[Web page caption snippets]
*** Begin section ***
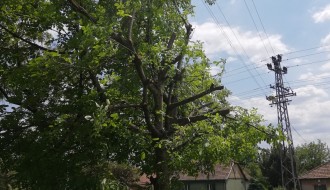 Posečene grane oraha u Daruvarskoj ulici, ko ih treba odneti?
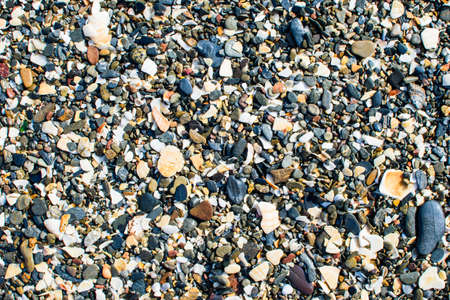 Surface of many small sea stones. Great for design and texture background. Summer concept. Close up.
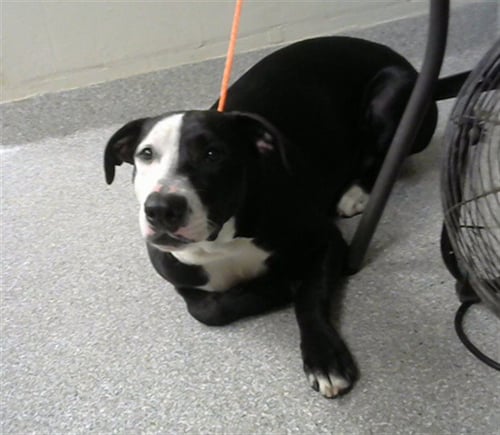 SKIE - American Pit Bull Terrier available for adoption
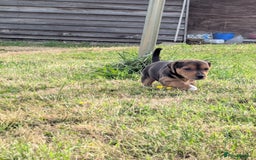 Mixed Breed dogs for sale: Beautiful beagle cross puppies - Image 15
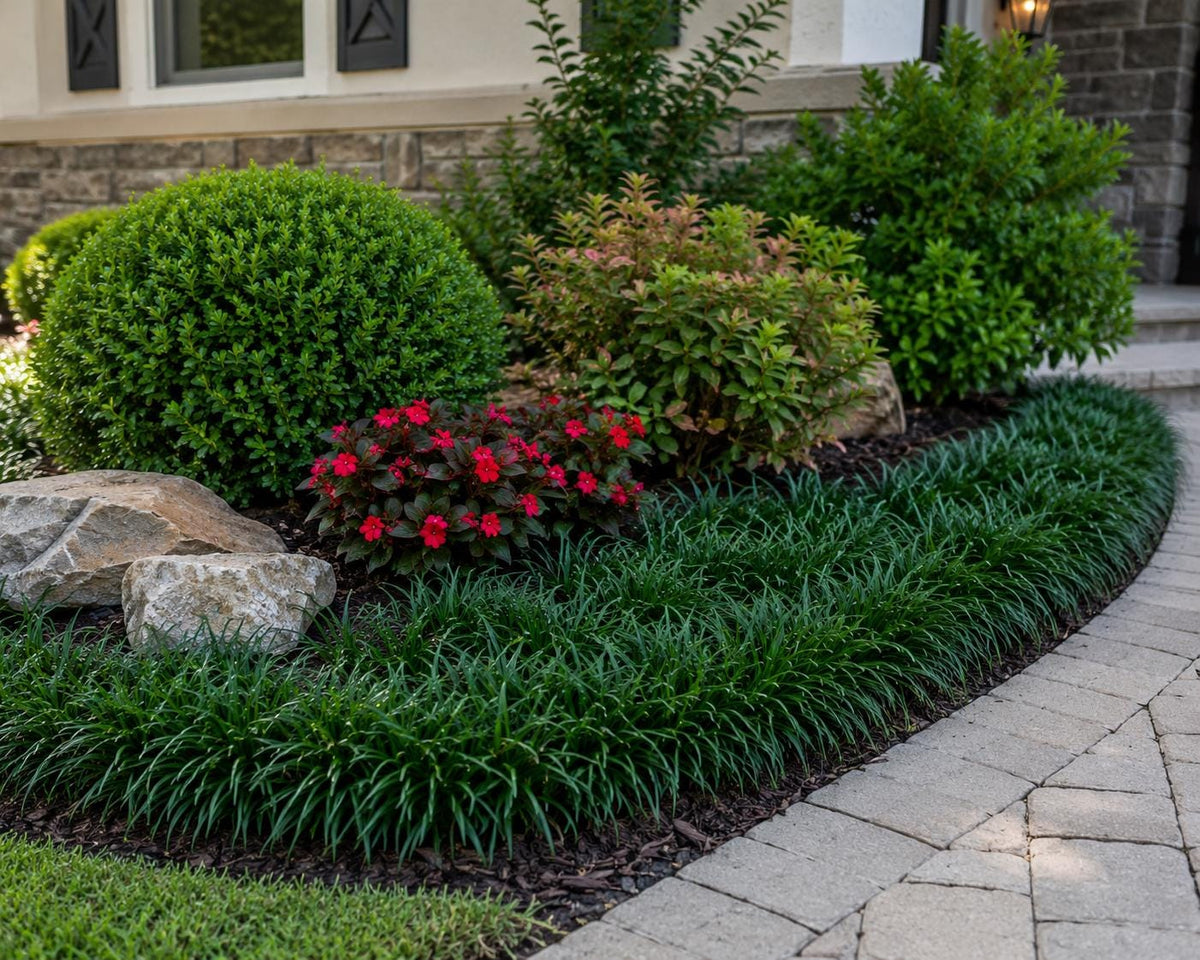 50 Dwarf Mondo Grass Plants | Low Maintenance Evergreen Ground Cover, Shade Border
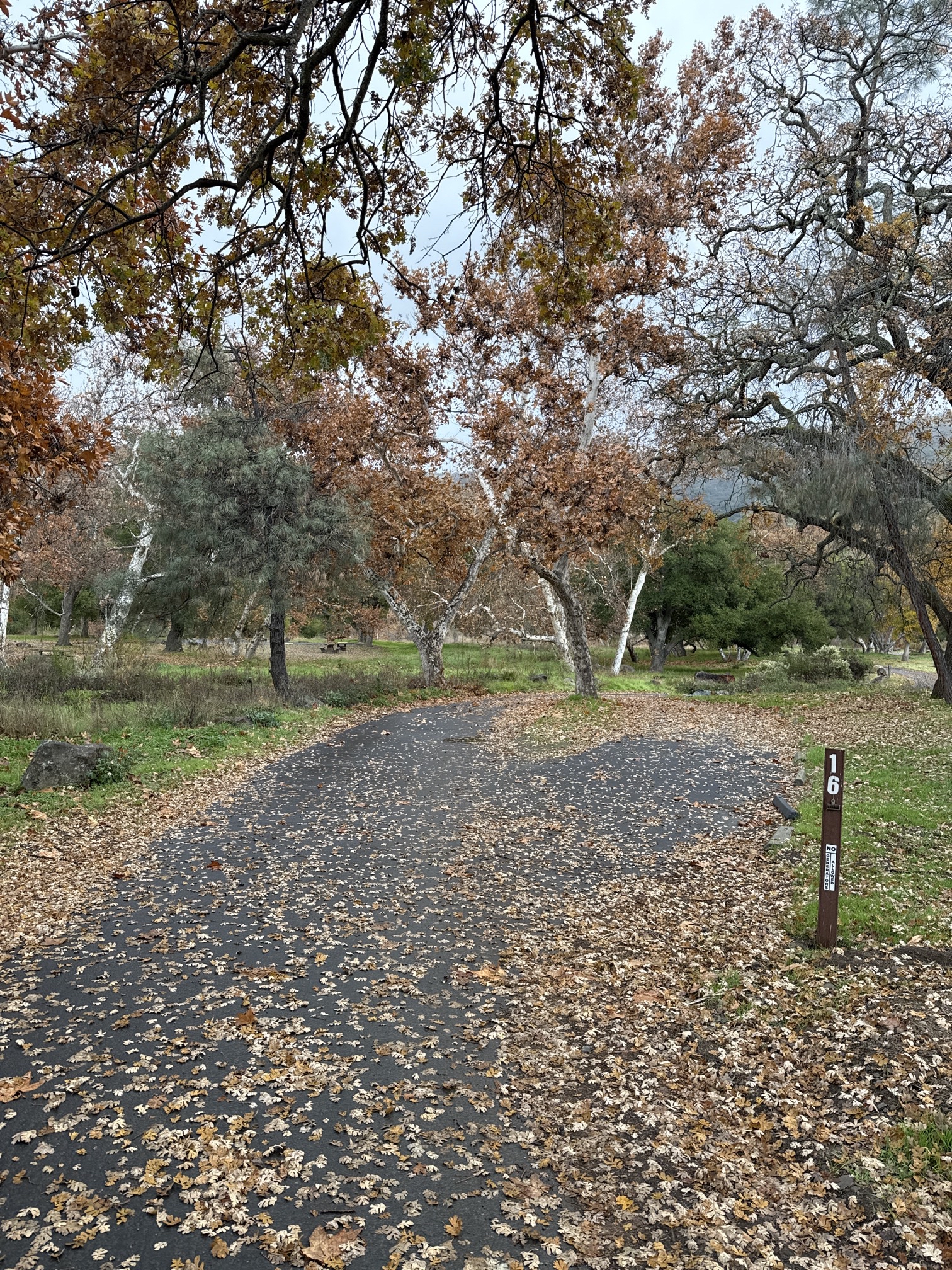 Del Valle Regional Park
*** End section ***
# Your instructions
All that is wanted is an exact copy of the lines from the line bearing "Surface of many" through the final line of the entries, including both ends but no pictures.

# Answer to the problem
 Surface of many small sea stones. Great for design and texture background. Summer concept. Close up.
 SKIE - American Pit Bull Terrier available for adoption
 Mixed Breed dogs for sale: Beautiful beagle cross puppies - Image 15
 50 Dwarf Mondo Grass Plants | Low Maintenance Evergreen Ground Cover, Shade Border
 Del Valle Regional Park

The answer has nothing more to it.